To do: The data must be given again exactly as written, with all images omitted.

Data section:
--------------------

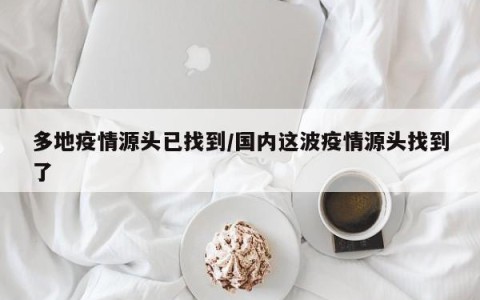 多地疫情源头已找到/国内这波疫情源头找到了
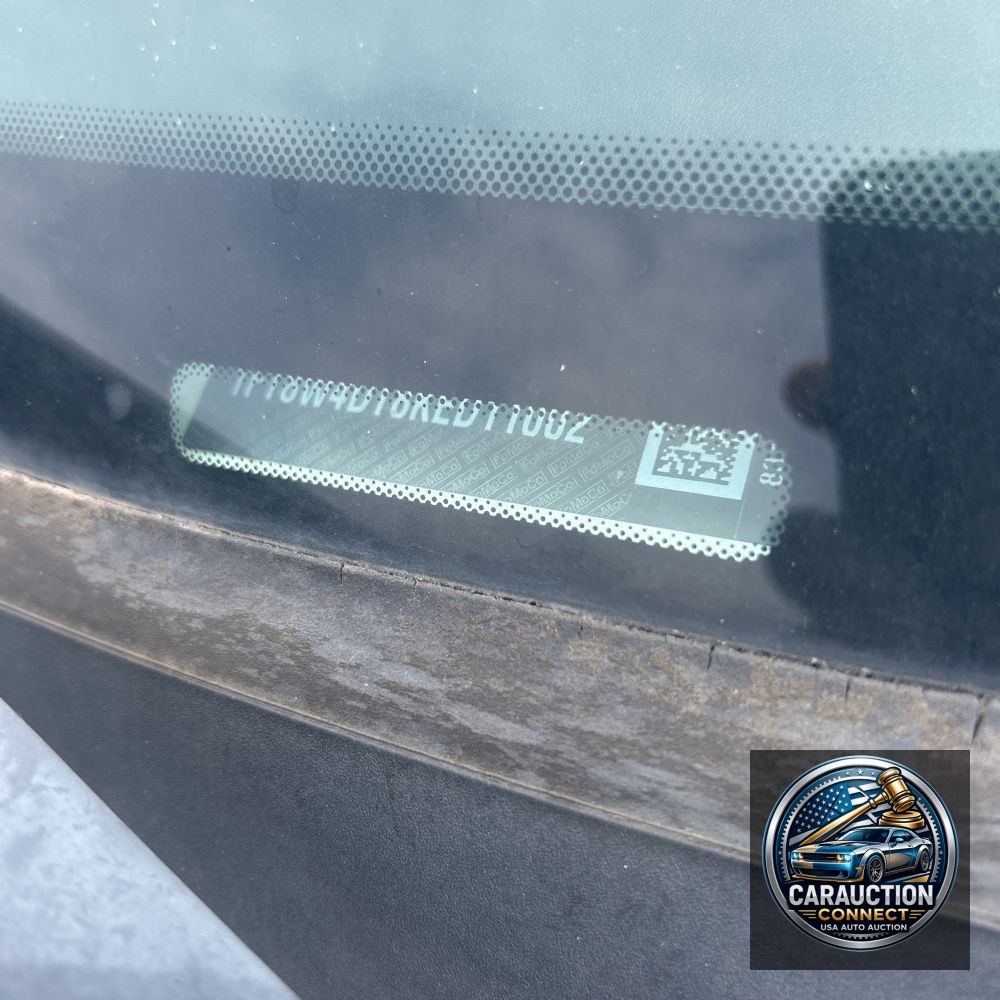 2019 Ford F-450 Super Duty Platinum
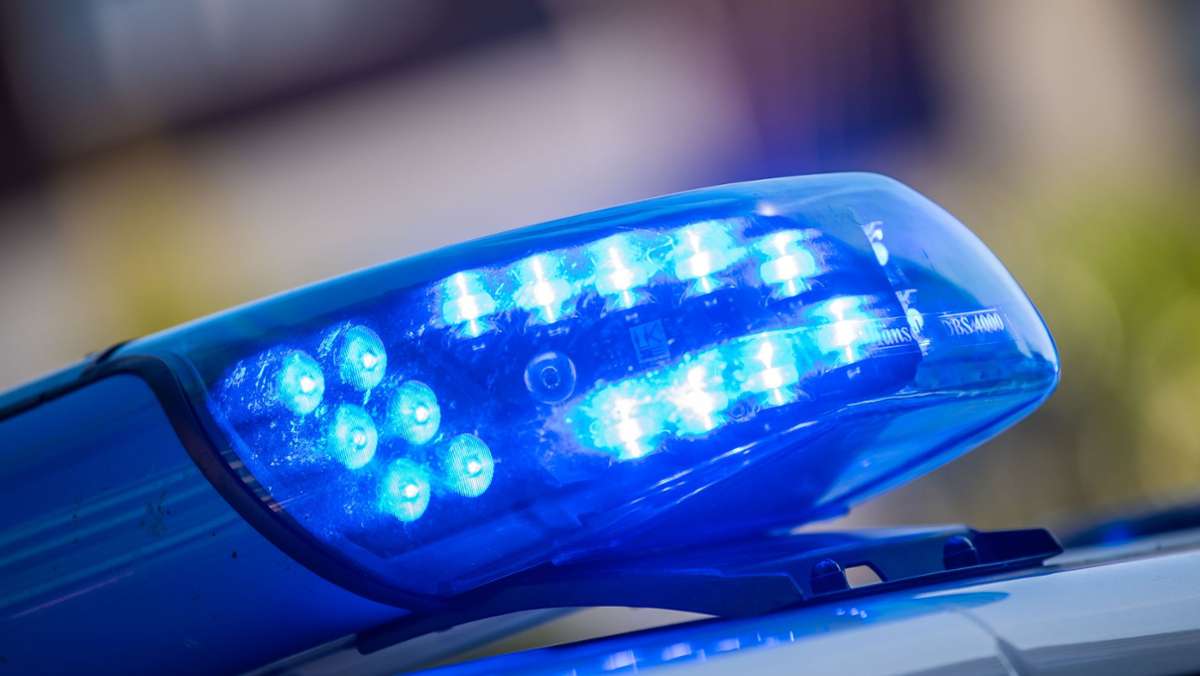 Kollision beim Überholen: 56-Jähriger stirbt bei Unfall in Ravensburg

--------------------

Written answer:
 多地疫情源头已找到/国内这波疫情源头找到了
 2019 Ford F-450 Super Duty Platinum
 Kollision beim Überholen: 56-Jähriger stirbt bei Unfall in Ravensburg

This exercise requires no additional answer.